RECORDS ▸

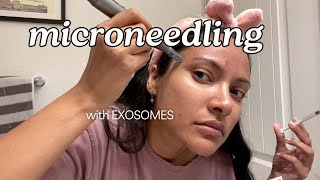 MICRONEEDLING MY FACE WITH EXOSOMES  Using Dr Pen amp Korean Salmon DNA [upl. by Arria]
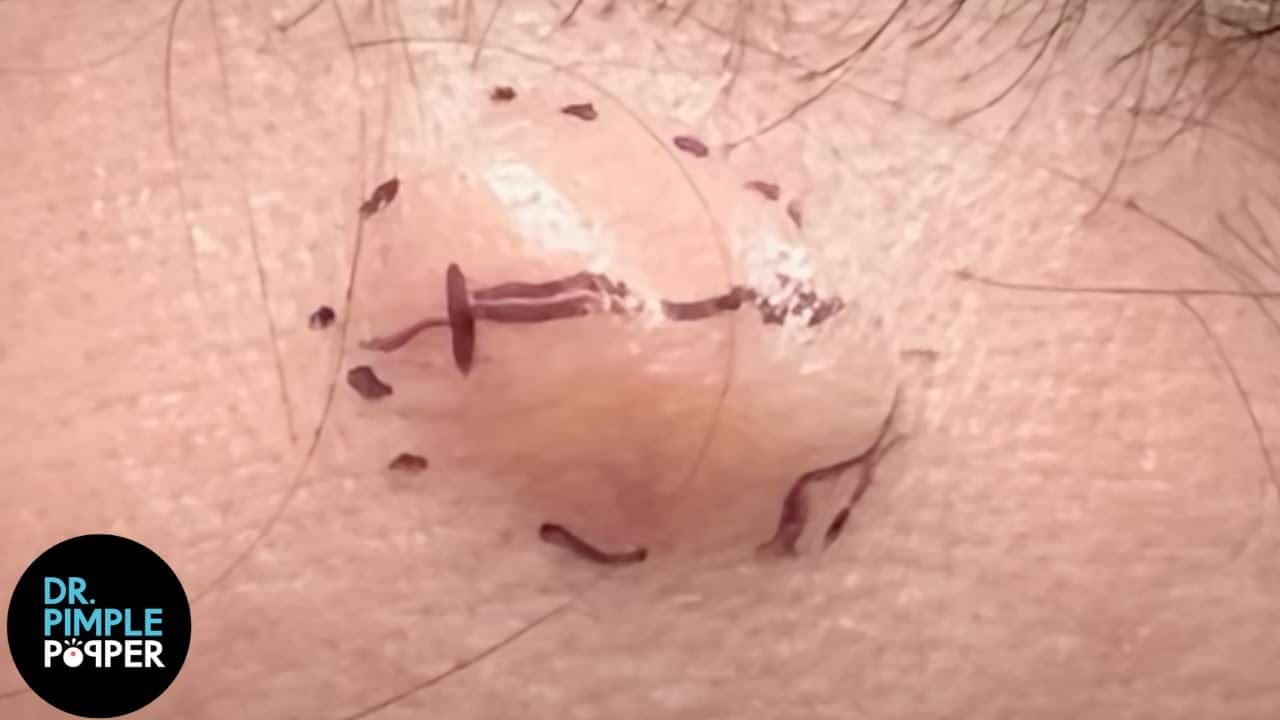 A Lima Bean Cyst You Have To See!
--
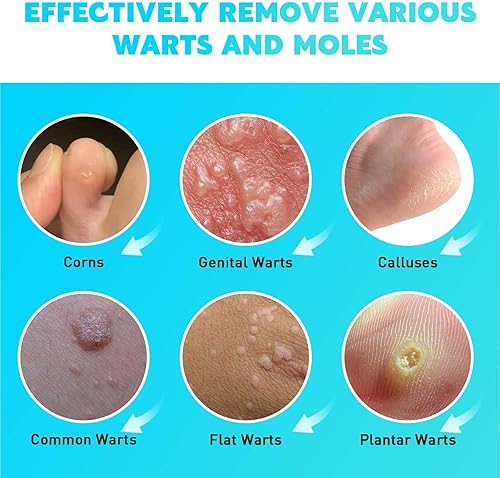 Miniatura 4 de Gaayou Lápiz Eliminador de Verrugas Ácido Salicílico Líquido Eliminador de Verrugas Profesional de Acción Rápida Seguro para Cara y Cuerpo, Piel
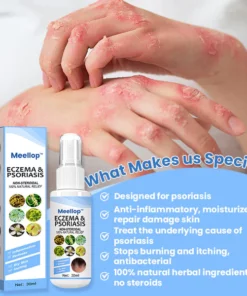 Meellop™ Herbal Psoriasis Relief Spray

BRIEF ▸
Using the data above, retype exactly and only the lines from the one containing "MICRONEEDLING MY FACE" up to and including the one containing "A Lima Bean Cyst You Have To See!", with no pictures carried over.

RESULT ▸
 MICRONEEDLING MY FACE WITH EXOSOMES  Using Dr Pen amp Korean Salmon DNA [upl. by Arria]
 A Lima Bean Cyst You Have To See!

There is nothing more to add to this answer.